Neue Tendenzen in den Geistes-, Kultur- und Sozialwissenschaften

Innovation or Replication? Crossing and Criss-Crossing in Social Science

Donnerstag, 04.10.2012, 18:15 Uhr

Professor Dame Marilyn Strathern, University of Cambridge

Lecture Series Future Directions

Veranstaltende: Interdisciplinary Cultural Studies | Graduate School of the Humanities | Walter Benjamin Kolleg
Redner, Rednerin: Professor Dame Marilyn Strathern, University of Cambridge
Datum: 04.10.2012
Uhrzeit: 18:15 - 19:45 Uhr
Ort: Raum F023
Unitobler
Lerchenweg 36
3012 Bern
Merkmale: Öffentlich
kostenlos

What does it mean to find echoes of an innovatory moment in the past, or a discipline’s cutting edge in another’s worn down tool, or people in different fields quite unknown to one another following a similar intellectual trajectory over the same three or four years? A short case study of what looks uncannily like ‘independent invention’ is prefaced by reflections on replicatory practice in the social sciences. Some US sociological theorising on the workings of fractal distinctions within disciplines, specifically across many foundational arguments in social science, finds a counterpart in UK anthropological theorising on scale and replication in social phenomena at large. The conjunction is amusing; it could well be instructive. In any event, there is a challenge here to comparisons across disciplines.

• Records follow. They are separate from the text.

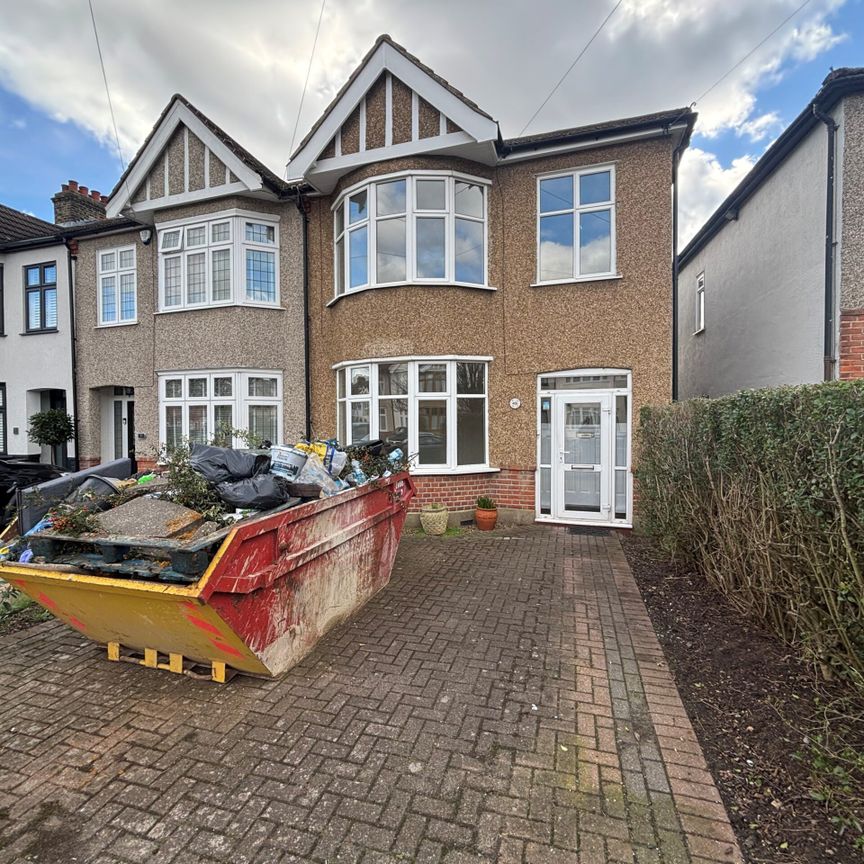 Burnway, Hornchurch, RM11 - Photo 1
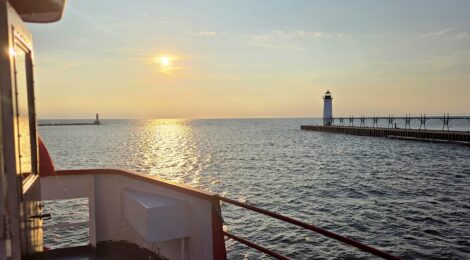 Manistee Harbor Tours Sunset Cruise: Stunning Lake Michigan Views Aboard the Princess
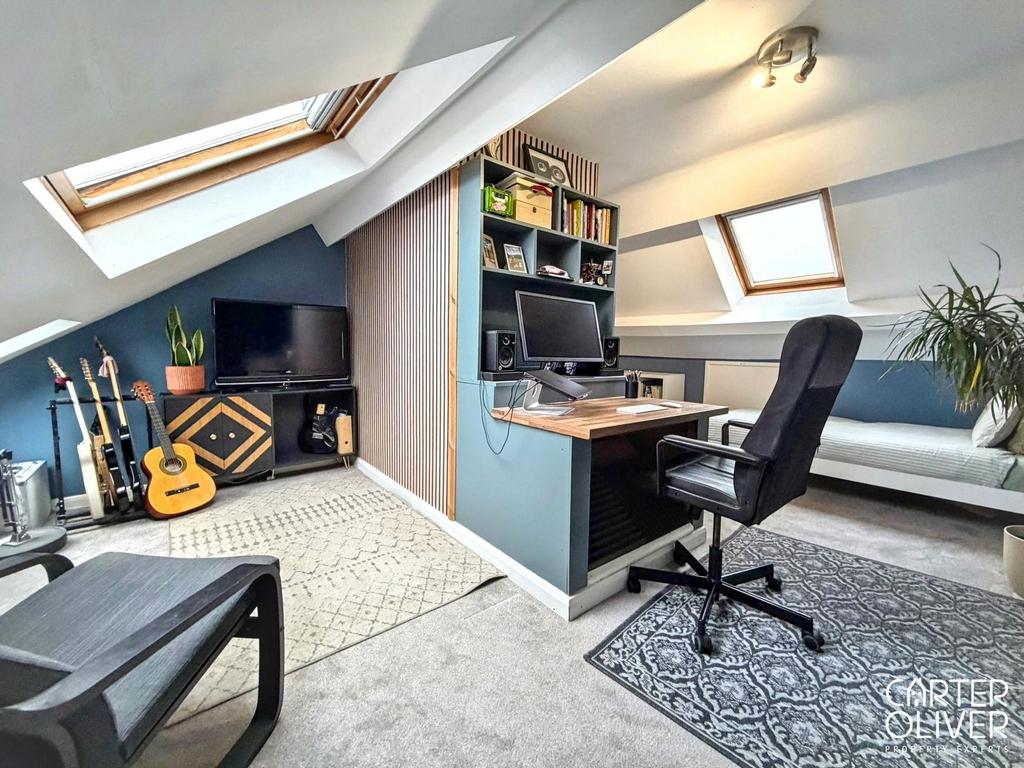 Bedroom 2 / Home Office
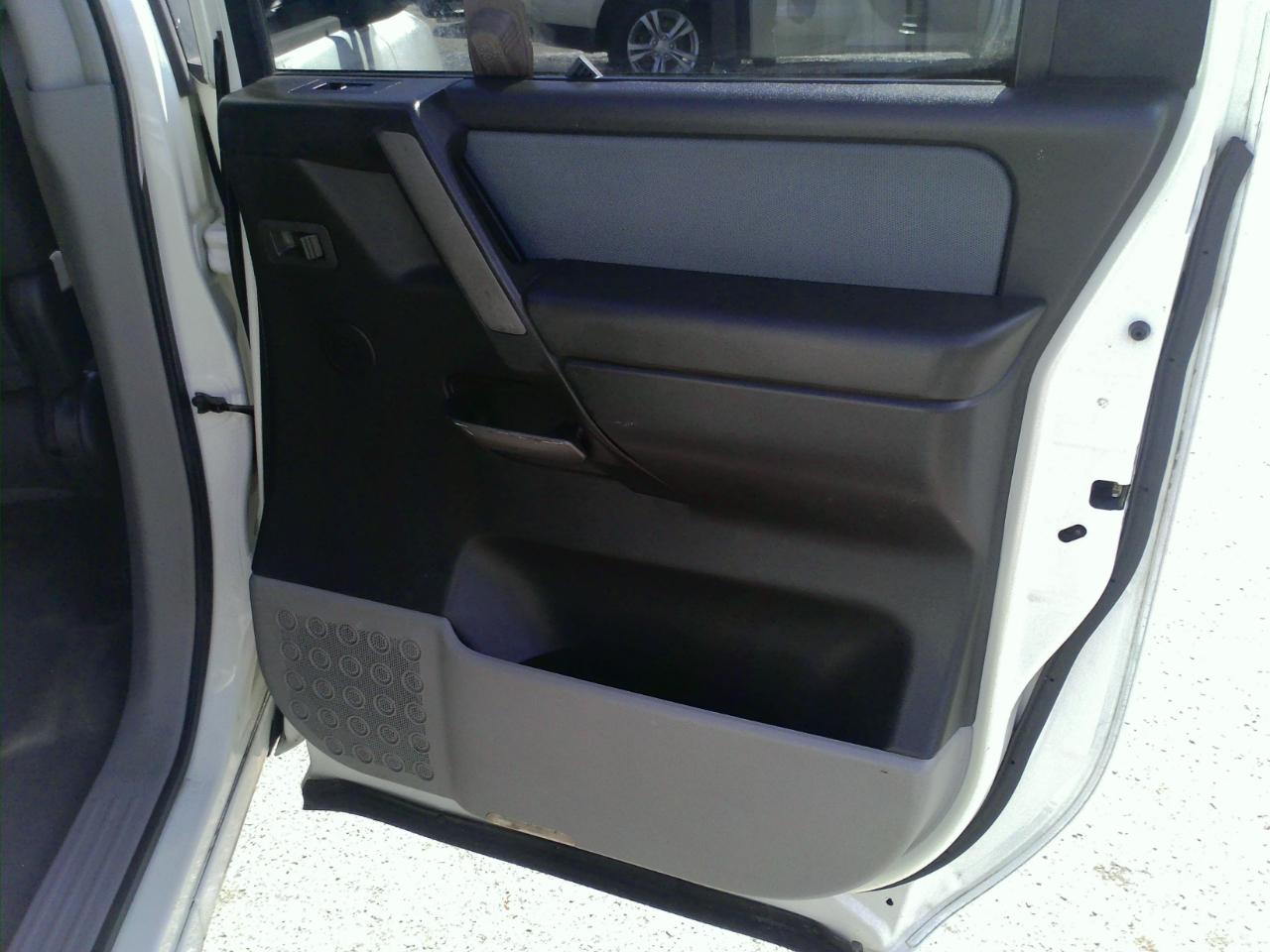 Nissan Titan XE Crew Cab 2WD 2004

There is also the ever-present challenge of what happens to travelling concepts when they escape their original moorings. This is particularly true when the translation of non-verbal (here, mathematical) forms into words for the purposes of exposition means that they then enter the world of words. Once verbalized, they become available for other descriptive usage – as any words do. And here is where the interest of the anthropologist, forever searching for new ways to describe the world, comes in. This lecture is a view from anthropology: the intention is not to demonstrate the aptness of borrowing the language of fractals but to point to the reality of the social forms some borrowings have illuminated. The travelling concept encounters social phenomena it brings to light in new ways.

Marilyn Strathern

Marilyn Strathern, Emeritus Professor of Social Anthropology, Cambridge University, is Life President of the (UK and Commonwealth) Association of Social Anthropologists. Since 1964 her interests have been divided between Papua New Guinean and British ethnography. She is probably most well known for The gender of the gift (1988), a critique of anthropo-logical theories of society and gender relations applied to Melanesia, which she pairs with After nature: English kinship in the late twentieth century (1992), a comment on the cultural revolution at home.  Her most experimental work is an exercise on the comparative method called Partial connections (1991). Projects over the last twenty years are reflected in publications on reproductive technologies, and intellectual and cultural property rights, while ‘critique of good practice’ has been the umbrella under which she has written about audit, accountability and interdisciplinarity. Some of these themes are brought together in Kinship, law and the unexpected (2005).